In [4]:
import fitz  # PyMuPDF

def extract_text_from_pdf(pdf_path):
    doc = fitz.open(pdf_path)
    text = []
    for page in doc:
        text.append(page.get_text())
    return '\n'.join(text)

# Extract text from PDF files
criminal_offenses_text = extract_text_from_pdf('../ilcs/720_ILCS_CRIMINAL_OFFENSES.pdf')
criminal_procedure_text = extract_text_from_pdf('../ilcs/725_ILCS_CRIMINAL_PROCEDURE.pdf')
safe_t_act_text = extract_text_from_pdf('../ilcs/Illinois Safe-T Act Full Text.pdf')

In [7]:
import spacy

# Load spacy model
nlp = spacy.load('en_core_web_sm')
nlp.max_length = 2000000

def split_text_into_chunks(text, chunk_size=1000000):
    # Split text into chunks of specified size
    return [text[i:i+chunk_size] for i in range(0, len(text), chunk_size)]

def split_chunks_into_sentences(chunks):
    sentences = []
    for chunk in chunks:
        doc = nlp(chunk)
        sentences.extend([sent.text for sent in doc.sents])
    return sentences

# Split text into sentences
offenses_prechunks = split_text_into_chunks(criminal_offenses_text)
procedure_prechunks = split_text_into_chunks(criminal_procedure_text)
safe_t_act_prechunks = split_text_into_chunks(safe_t_act_text)

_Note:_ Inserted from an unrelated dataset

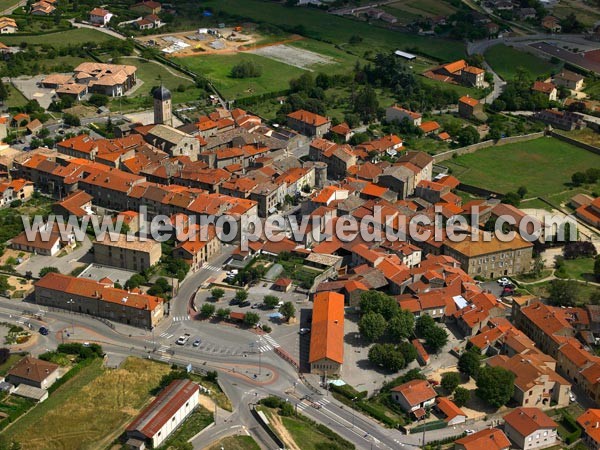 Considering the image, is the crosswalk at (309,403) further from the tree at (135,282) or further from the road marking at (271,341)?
the tree at (135,282)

offenses_sentences = split_chunks_into_sentences(offenses_prechunks)
procedure_sentences = split_chunks_into_sentences(procedure_prechunks)
safe_t_act_sentences = split_chunks_into_sentences(safe_t_act_prechunks)

In [8]:
def chunk_sentences(sentences, max_sentences=5):
    chunks = []
    current_chunk = []
    for sentence in sentences:
        current_chunk.append(sentence)
        if len(current_chunk) >= max_sentences:
            chunks.append(' '.join(current_chunk))
            current_chunk = []
    if current_chunk:
        chunks.append(' '.join(current_chunk))
    return chunks

# Chunk sentences
offenses_chunks = chunk_sentences(offenses_sentences, max_sentences=5)
procedure_chunks = chunk_sentences(procedure_sentences, max_sentences=5)
safe_t_act_chunks = chunk_sentences(safe_t_act_sentences, max_sentences=5)

In [None]:
from sentence_transformers import SentenceTransformer
import chromadb
from chromadb.config import Settings
####     from chromadb.utils import TextEmbedding  #DefaultEmbeddingFunction

# Load the embedding model
model = SentenceTransformer('all-MiniLM-L6-v2')

def get_embedding(text):
    return model.encode(text).tolist()

# Initialize Chroma
settings = Settings()
chroma_client = chromadb.Client(settings)

# Define your collection schema
collection_name = 'il-legal-data'
chroma_client.create_collection(collection_name)

# Get the collection
collection = chroma_client.get_collection(collection_name)

# Generate embeddings and add documents to the collection
documents = offenses_chunks + procedure_chunks + safe_t_act_chunks
metadata = [{'source': 'IL Criminal Offenses'}] * len(offenses_chunks) + [{'source': 'IL Criminal Procedure'}] * len(procedure_chunks) + [{'source': 'IL Safe-T Act'}] * len(safe_t_act_chunks)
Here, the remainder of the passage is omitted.